Nachfolger und Parteikollege Thomas Drozda redimensionierte Ostermayers Pläne 2016 – auf 750 Quadratmeter für eine Dauerausstellung und 300 Quadratmeter für Wechselausstellungen. Aber immerhin: Das Haus der Geschichte der Republik – der Zaunpfahl-Zusatz barg den Hinweis, dass es um zentrale Fragen der Demokratie gehen sollte – war nicht selbst Geschichte.
Die neue Institution wurde organisatorisch an die Nationalbibliothek angegliedert (um Overheadkosten zu sparen) – und Monika Sommer, von ÖNB-Generaldirektorin Johanna Rachinger bestellt, baute Team wie Sammlung auf. Sie änderte den Titel in Haus der Geschichte Österreich – um sich vom Korsett „Republik“ zu befreien. Ihr Hauptinteresse gilt eben jener dunklen Zeit, als Österreich keine Republik war.
Zur Eröffnung zeigte Monika Sommer die Materialsammlung „Aufbruch ins Ungewisse – Österreich seit 1918“, die anhand von sieben Themen die vergangenen 100 Jahre Revue passieren ließ. Essenziell neue Erkenntnisse barg sie keine. Was noch kaum jemanden störte. Denn weitere große Ausstellungen sollten folgen. Doch sie folgten nicht – angeblich aufgrund fehlender Mittel. Die Schau wurde lediglich sanft überarbeitet und nennt sich jetzt „Neue Zeiten: Österreich seit 1918“.
Und immer wieder beklagte Sommer die Situation: „Das HdGÖ braucht mehr Platz!“ Am besten dreimal so viel: „3.000 Quadratmeter Ausstellungsfläche wären in-ternational gesehen das, mit dem man Österreich auch gerecht würde.“ Und „von wichtiger Symbolkraft“ wäre „ein eigenständiger Bau“.

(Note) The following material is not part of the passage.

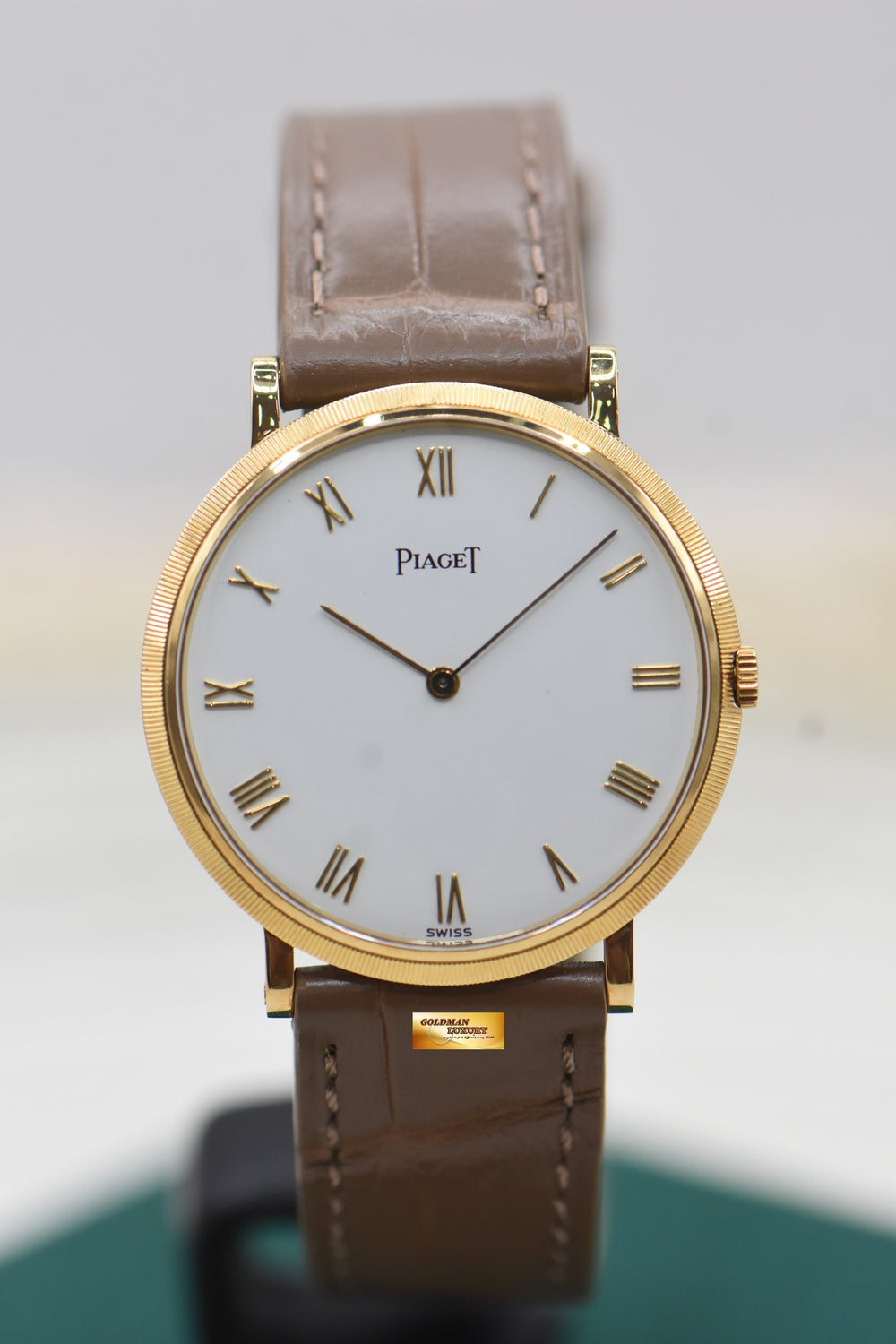 PIAGET VINTAGE ULTRA-THIN 32mm YELLOW GOLD IN LEATHER STRAP MANUAL WINDING 9023 (MINT)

Das Flehen der Direktorin wurde erhört. Denn es ergab sich die Möglichkeit, das Eingangsgebäude des Museumsquartiers an der Mariahilfer Straße einer höherwertigeren Nutzung zuzuführen. Dieses Gebäude, um 1854 errichtet, schloss eine Baulücke – und fügte sich gut in die barocken Hofstallungen ein. Kulturstaatssekretärin Andrea Mayer (Grüne), angetan von der ihr zugetragenen Idee, gab sogleich eine Machbarkeitsstudie in Auftrag. Und diese liegt nun vor. Mayer hält damit noch hinter dem Berg: Die Entscheidung soll feierlich verkündet werden – spätestens zum fünften Jahrestag des HdGÖ.
Ihr Tratschpartner kann Ihnen aber schon heute, am Nationalfeiertag, verkünden: Ein Haus der Geschichte ist in diesem eigenständigen Gebäude laut technischer Studie durchaus machbar. Es stünden 4.000 Quadratmeter zur Verfügung, 3.000 davon als Ausstellungsfläche. Natürlich muss es zu Absiedelungen kommen, da derzeit unter anderem das Naturhistorische Museum und der Dschungel eingemietet sind. Aber auch das ist durchaus machbar: Mayer hat das Projekt bereits mit Wiens Kulturstadträtin Veronica Kaup-Hasler besprochen.
Der bekrönende Doppeladler dürfte Monika Sommer zwar ein Dorn im Auge sein, aber sie wird weit mehr Budget als jetzt zur Verfügung haben. Und sie hat genügend Platz für Wechselausstellungen. Sprich: Sie kann die ursprünglich fixierten Zielsetzungen des Hauses der Geschichte umsetzen.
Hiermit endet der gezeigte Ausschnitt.